◆ EXERCISE DESCRIPTION
Print this span of the material below exactly: the line with "used Bench Top", the line with "a kitchen with", and every line between them, but nothing else.

◆ EXERCISE DATA
+---+
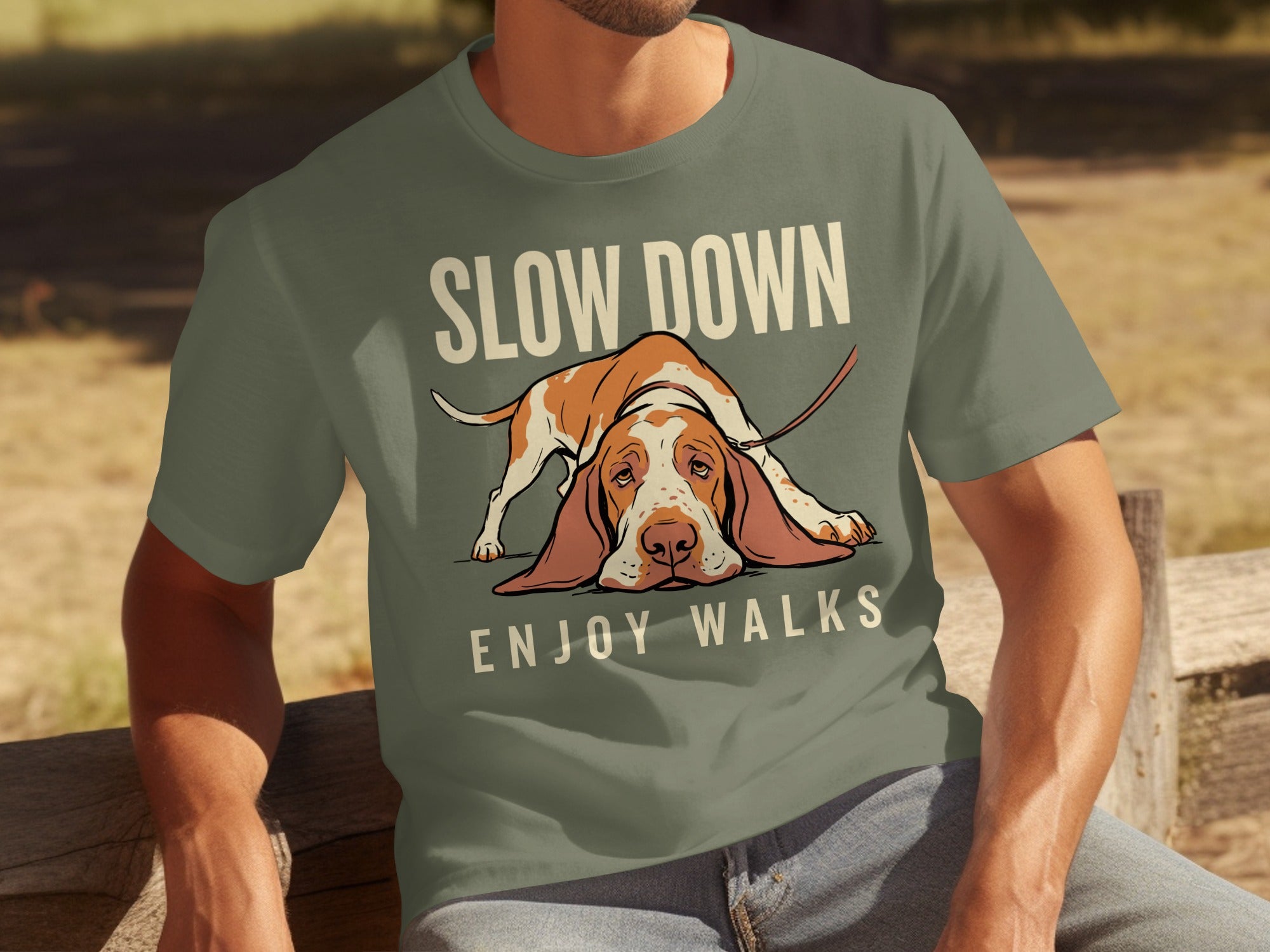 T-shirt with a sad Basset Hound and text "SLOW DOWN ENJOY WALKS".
+---+
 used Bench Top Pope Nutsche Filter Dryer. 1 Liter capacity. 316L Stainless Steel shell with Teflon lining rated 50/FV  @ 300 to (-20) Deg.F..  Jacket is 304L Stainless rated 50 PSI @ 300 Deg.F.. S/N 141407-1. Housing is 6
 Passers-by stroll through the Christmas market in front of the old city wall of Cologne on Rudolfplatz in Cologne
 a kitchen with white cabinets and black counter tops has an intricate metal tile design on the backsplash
+---+
◆ ANSWER BOX
 used Bench Top Pope Nutsche Filter Dryer. 1 Liter capacity. 316L Stainless Steel shell with Teflon lining rated 50/FV  @ 300 to (-20) Deg.F..  Jacket is 304L Stainless rated 50 PSI @ 300 Deg.F.. S/N 141407-1. Housing is 6
 Passers-by stroll through the Christmas market in front of the old city wall of Cologne on Rudolfplatz in Cologne
 a kitchen with white cabinets and black counter tops has an intricate metal tile design on the backsplash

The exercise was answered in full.